## PROBLEM DETAILS
What this exercise requires is a verbatim reproduction of the data below.

## INFORMATION PROVIDED
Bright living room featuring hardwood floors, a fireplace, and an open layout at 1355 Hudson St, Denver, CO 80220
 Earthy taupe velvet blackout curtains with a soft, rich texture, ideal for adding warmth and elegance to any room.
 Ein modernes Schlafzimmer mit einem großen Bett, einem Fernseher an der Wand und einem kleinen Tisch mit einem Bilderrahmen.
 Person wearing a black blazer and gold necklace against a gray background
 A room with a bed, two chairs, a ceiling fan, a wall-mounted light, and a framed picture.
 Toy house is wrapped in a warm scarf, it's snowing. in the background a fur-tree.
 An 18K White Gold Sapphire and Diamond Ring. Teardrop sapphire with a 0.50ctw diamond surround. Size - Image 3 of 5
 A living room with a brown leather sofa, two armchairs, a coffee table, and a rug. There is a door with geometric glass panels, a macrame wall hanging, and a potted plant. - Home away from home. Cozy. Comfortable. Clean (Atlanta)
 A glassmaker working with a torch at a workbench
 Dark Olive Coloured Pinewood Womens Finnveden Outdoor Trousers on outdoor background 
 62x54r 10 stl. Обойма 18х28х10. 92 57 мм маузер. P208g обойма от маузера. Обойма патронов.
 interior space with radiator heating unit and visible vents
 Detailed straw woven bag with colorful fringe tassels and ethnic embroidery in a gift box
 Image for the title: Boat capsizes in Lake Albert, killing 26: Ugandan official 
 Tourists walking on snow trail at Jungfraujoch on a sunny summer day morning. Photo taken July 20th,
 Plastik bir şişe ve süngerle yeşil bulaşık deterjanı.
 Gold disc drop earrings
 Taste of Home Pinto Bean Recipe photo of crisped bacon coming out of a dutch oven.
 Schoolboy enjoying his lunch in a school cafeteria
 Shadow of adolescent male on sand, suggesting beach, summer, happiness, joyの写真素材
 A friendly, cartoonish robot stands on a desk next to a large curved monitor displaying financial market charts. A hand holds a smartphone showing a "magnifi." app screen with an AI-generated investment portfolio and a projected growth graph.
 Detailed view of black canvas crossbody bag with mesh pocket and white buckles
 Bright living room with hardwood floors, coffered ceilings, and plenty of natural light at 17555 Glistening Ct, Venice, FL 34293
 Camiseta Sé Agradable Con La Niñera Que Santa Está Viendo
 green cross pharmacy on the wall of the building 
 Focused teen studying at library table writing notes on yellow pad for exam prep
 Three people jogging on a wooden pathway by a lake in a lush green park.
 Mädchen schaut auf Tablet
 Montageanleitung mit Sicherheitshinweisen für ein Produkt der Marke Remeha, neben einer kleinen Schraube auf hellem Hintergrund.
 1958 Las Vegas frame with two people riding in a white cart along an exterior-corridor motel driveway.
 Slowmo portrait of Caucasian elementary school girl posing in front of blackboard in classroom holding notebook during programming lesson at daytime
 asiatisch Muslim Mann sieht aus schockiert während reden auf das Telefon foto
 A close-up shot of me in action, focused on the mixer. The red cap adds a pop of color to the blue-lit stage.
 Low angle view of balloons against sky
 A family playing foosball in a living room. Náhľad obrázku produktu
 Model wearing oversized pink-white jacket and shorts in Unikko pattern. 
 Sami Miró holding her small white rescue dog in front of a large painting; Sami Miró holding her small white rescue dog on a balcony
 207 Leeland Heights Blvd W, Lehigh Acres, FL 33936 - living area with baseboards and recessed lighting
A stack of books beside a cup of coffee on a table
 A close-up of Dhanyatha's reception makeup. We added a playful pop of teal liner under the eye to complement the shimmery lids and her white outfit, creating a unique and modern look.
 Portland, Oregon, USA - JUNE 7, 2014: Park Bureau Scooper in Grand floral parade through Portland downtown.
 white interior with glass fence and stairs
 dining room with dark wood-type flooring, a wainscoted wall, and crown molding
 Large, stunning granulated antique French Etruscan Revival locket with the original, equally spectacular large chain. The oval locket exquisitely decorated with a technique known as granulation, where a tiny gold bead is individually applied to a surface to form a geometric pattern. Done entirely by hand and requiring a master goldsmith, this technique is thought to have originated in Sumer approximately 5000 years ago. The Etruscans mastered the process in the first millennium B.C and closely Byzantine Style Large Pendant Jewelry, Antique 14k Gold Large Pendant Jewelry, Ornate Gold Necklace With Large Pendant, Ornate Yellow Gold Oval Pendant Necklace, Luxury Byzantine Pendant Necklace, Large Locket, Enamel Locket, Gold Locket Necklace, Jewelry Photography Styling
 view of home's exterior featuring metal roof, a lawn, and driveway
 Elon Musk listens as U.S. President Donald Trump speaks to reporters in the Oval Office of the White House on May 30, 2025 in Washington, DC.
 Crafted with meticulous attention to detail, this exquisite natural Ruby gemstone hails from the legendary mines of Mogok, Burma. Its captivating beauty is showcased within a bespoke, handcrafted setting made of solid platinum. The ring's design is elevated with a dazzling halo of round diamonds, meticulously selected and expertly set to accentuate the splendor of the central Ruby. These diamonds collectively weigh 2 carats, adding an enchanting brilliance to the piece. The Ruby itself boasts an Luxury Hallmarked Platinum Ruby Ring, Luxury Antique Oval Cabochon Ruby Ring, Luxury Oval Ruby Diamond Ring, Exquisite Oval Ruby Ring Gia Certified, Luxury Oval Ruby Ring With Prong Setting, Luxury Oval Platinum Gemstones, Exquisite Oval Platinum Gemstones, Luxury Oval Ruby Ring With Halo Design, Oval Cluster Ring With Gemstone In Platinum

## YOUR RESPONSE
Bright living room featuring hardwood floors, a fireplace, and an open layout at 1355 Hudson St, Denver, CO 80220
 Earthy taupe velvet blackout curtains with a soft, rich texture, ideal for adding warmth and elegance to any room.
 Ein modernes Schlafzimmer mit einem großen Bett, einem Fernseher an der Wand und einem kleinen Tisch mit einem Bilderrahmen.
 Person wearing a black blazer and gold necklace against a gray background
 A room with a bed, two chairs, a ceiling fan, a wall-mounted light, and a framed picture.
 Toy house is wrapped in a warm scarf, it's snowing. in the background a fur-tree.
 An 18K White Gold Sapphire and Diamond Ring. Teardrop sapphire with a 0.50ctw diamond surround. Size - Image 3 of 5
 A living room with a brown leather sofa, two armchairs, a coffee table, and a rug. There is a door with geometric glass panels, a macrame wall hanging, and a potted plant. - Home away from home. Cozy. Comfortable. Clean (Atlanta)
 A glassmaker working with a torch at a workbench
 Dark Olive Coloured Pinewood Womens Finnveden Outdoor Trousers on outdoor background 
 62x54r 10 stl. Обойма 18х28х10. 92 57 мм маузер. P208g обойма от маузера. Обойма патронов.
 interior space with radiator heating unit and visible vents
 Detailed straw woven bag with colorful fringe tassels and ethnic embroidery in a gift box
 Image for the title: Boat capsizes in Lake Albert, killing 26: Ugandan official 
 Tourists walking on snow trail at Jungfraujoch on a sunny summer day morning. Photo taken July 20th,
 Plastik bir şişe ve süngerle yeşil bulaşık deterjanı.
 Gold disc drop earrings
 Taste of Home Pinto Bean Recipe photo of crisped bacon coming out of a dutch oven.
 Schoolboy enjoying his lunch in a school cafeteria
 Shadow of adolescent male on sand, suggesting beach, summer, happiness, joyの写真素材
 A friendly, cartoonish robot stands on a desk next to a large curved monitor displaying financial market charts. A hand holds a smartphone showing a "magnifi." app screen with an AI-generated investment portfolio and a projected growth graph.
 Detailed view of black canvas crossbody bag with mesh pocket and white buckles
 Bright living room with hardwood floors, coffered ceilings, and plenty of natural light at 17555 Glistening Ct, Venice, FL 34293
 Camiseta Sé Agradable Con La Niñera Que Santa Está Viendo
 green cross pharmacy on the wall of the building 
 Focused teen studying at library table writing notes on yellow pad for exam prep
 Three people jogging on a wooden pathway by a lake in a lush green park.
 Mädchen schaut auf Tablet
 Montageanleitung mit Sicherheitshinweisen für ein Produkt der Marke Remeha, neben einer kleinen Schraube auf hellem Hintergrund.
 1958 Las Vegas frame with two people riding in a white cart along an exterior-corridor motel driveway.
 Slowmo portrait of Caucasian elementary school girl posing in front of blackboard in classroom holding notebook during programming lesson at daytime
 asiatisch Muslim Mann sieht aus schockiert während reden auf das Telefon foto
 A close-up shot of me in action, focused on the mixer. The red cap adds a pop of color to the blue-lit stage.
 Low angle view of balloons against sky
 A family playing foosball in a living room. Náhľad obrázku produktu
 Model wearing oversized pink-white jacket and shorts in Unikko pattern. 
 Sami Miró holding her small white rescue dog in front of a large painting; Sami Miró holding her small white rescue dog on a balcony
 207 Leeland Heights Blvd W, Lehigh Acres, FL 33936 - living area with baseboards and recessed lighting
A stack of books beside a cup of coffee on a table
 A close-up of Dhanyatha's reception makeup. We added a playful pop of teal liner under the eye to complement the shimmery lids and her white outfit, creating a unique and modern look.
 Portland, Oregon, USA - JUNE 7, 2014: Park Bureau Scooper in Grand floral parade through Portland downtown.
 white interior with glass fence and stairs
 dining room with dark wood-type flooring, a wainscoted wall, and crown molding
 Large, stunning granulated antique French Etruscan Revival locket with the original, equally spectacular large chain. The oval locket exquisitely decorated with a technique known as granulation, where a tiny gold bead is individually applied to a surface to form a geometric pattern. Done entirely by hand and requiring a master goldsmith, this technique is thought to have originated in Sumer approximately 5000 years ago. The Etruscans mastered the process in the first millennium B.C and closely Byzantine Style Large Pendant Jewelry, Antique 14k Gold Large Pendant Jewelry, Ornate Gold Necklace With Large Pendant, Ornate Yellow Gold Oval Pendant Necklace, Luxury Byzantine Pendant Necklace, Large Locket, Enamel Locket, Gold Locket Necklace, Jewelry Photography Styling
 view of home's exterior featuring metal roof, a lawn, and driveway
 Elon Musk listens as U.S. President Donald Trump speaks to reporters in the Oval Office of the White House on May 30, 2025 in Washington, DC.
 Crafted with meticulous attention to detail, this exquisite natural Ruby gemstone hails from the legendary mines of Mogok, Burma. Its captivating beauty is showcased within a bespoke, handcrafted setting made of solid platinum. The ring's design is elevated with a dazzling halo of round diamonds, meticulously selected and expertly set to accentuate the splendor of the central Ruby. These diamonds collectively weigh 2 carats, adding an enchanting brilliance to the piece. The Ruby itself boasts an Luxury Hallmarked Platinum Ruby Ring, Luxury Antique Oval Cabochon Ruby Ring, Luxury Oval Ruby Diamond Ring, Exquisite Oval Ruby Ring Gia Certified, Luxury Oval Ruby Ring With Prong Setting, Luxury Oval Platinum Gemstones, Exquisite Oval Platinum Gemstones, Luxury Oval Ruby Ring With Halo Design, Oval Cluster Ring With Gemstone In Platinum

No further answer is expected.